With Kibaki running the economy between 1969 and 1982, Kenya did experience an initial period of relative prosperity. However, the shine quickly wore off as growth fell, which at least one study has blamed on “the oil shocks of 1973 and 1979 compounded by poor macroeconomic management, breaking the tradition of fiscal responsibility and prudent monetary policy followed during the early years of independence”.

All along, the Kenyan elite engaged in a spree of self-enrichment. Among them, Kibaki clearly “succumbed to the lure of and wealth, comfort and status” and was happy to serve in the oppressive and kleptocratic administrations of his predecessors, Jomo Kenyatta and Daniel Arap Moi. Despite spending almost his entire working life in public office, he died one of the wealthiest men in the land. And even as he left office in 2013, he engineered an exorbitant and immoral “retirement package” for himself, forcing Kenyans to shell out $2.5 million gratuity payment in addition to tens of thousands more in monthly pension payments and benefits later declared unconstitutional.

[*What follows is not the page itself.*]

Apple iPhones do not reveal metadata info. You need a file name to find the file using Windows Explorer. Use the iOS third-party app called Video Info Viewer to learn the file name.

Though he showed flashes of courage, such as when distinguished himself by being the sole cabinet minister to attend the funeral of JM Kariuki, a populist politician whom the Jomo Kenyatta regime murdered in 1975, for much of his career it was said that he never saw a fence he did not wish to sit on. He held the dubious honour of having moved the 1982 constitutional amendment that made Kenya legally a single-party state. Undoing that would become the focus of political reform efforts later in the decade, which Kibaki would ridicule as trying to cut down a tree with a razor blade. But once those efforts succeeded in 1991, he was among the first to piggyback on them, abandoning the ruling party, KANU, to form his own outfit.

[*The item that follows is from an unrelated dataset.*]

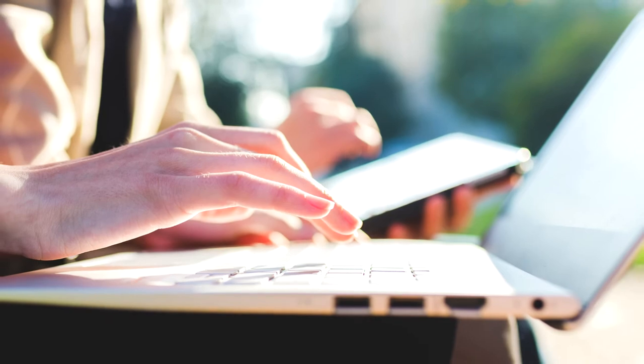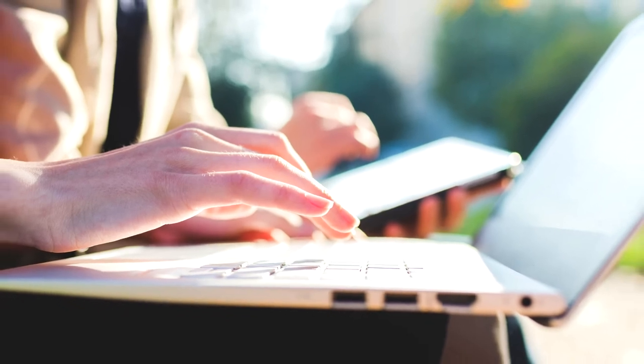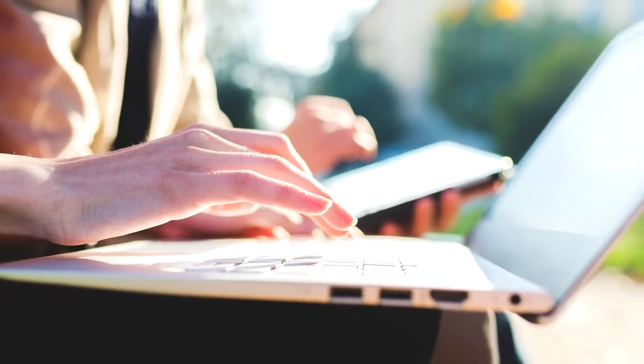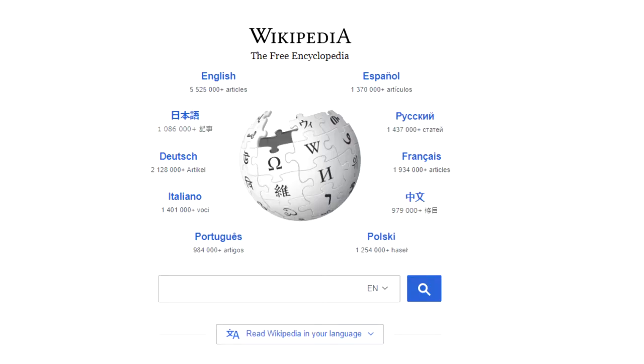With a wiki, collaborators add content while administrators take down or revise content when necessary. Wikis are frequently used as repositories for information. Wikipedia is an excellent example of a wiki.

In 2002, he again benefitted from the reform efforts when he was elected president by a landslide, with an overwhelming mandate to overthrow the colonial system and the corruption it bred. Instead, he bastardised the constitutional review process, leading Kenyans to reject it in a referendum in 2005. He presided over an orgy of corrupt looting that in 2004 was described by the UK ambassador as gluttonous eating. By the end of his first term, he was happy to rip up the “gentleman’s agreement” that five years earlier had allowed opposition parties to nominate members of the election commission, paving the way for his 2002 win. That set the stage for the disputed 2007 elections, which many, including me, believe he stole, and the violence that followed that claimed at least 1,300 lives, displaced hundreds of thousands, and brought the country to the brink of anarchy. Many of those deaths were at the hands of the police he controlled and a murderous gang that the International Criminal Court prosecutor claimed had met with him at State House.

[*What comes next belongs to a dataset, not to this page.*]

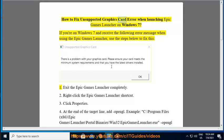How to fix the Unsupported Graphics Card error when launching the Epic Games Launcher on Windows 7. If you're on Windows 7 and receive this error message when using the Epic Games Launcher, use the steps below to fix this.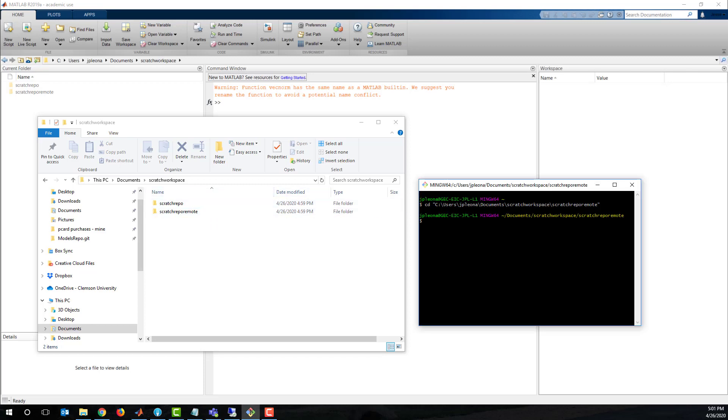I've set up two folders, one for the local repo, one as the mock remote repo. The remote could be on a shared drive.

Kenyans tend to look back at the Kibaki years with rose-tinted glasses as a sort of economic “golden age” and, despite all the theft and criminality of his regime, Kibaki himself as competent and exceptional. I have my doubts. When you put together the middling economy; the gluttonous eating; the many scandals and state violence, including attacks on the press; and the watering down of the constitution, his tenure really does not seem very exceptional.

In the end, he proved to be true to the system that made him. It is the same system that made Kenya and that the country has for 60 years been trying to extricate itself from. Cometh the hour, cometh the man, goes the saying. Unfortunately, when Kenya’s moment came, Kibaki turned out not to be the man.

The views expressed in this article are the author’s own and do not necessarily reflect Al Jazeera’s editorial stance.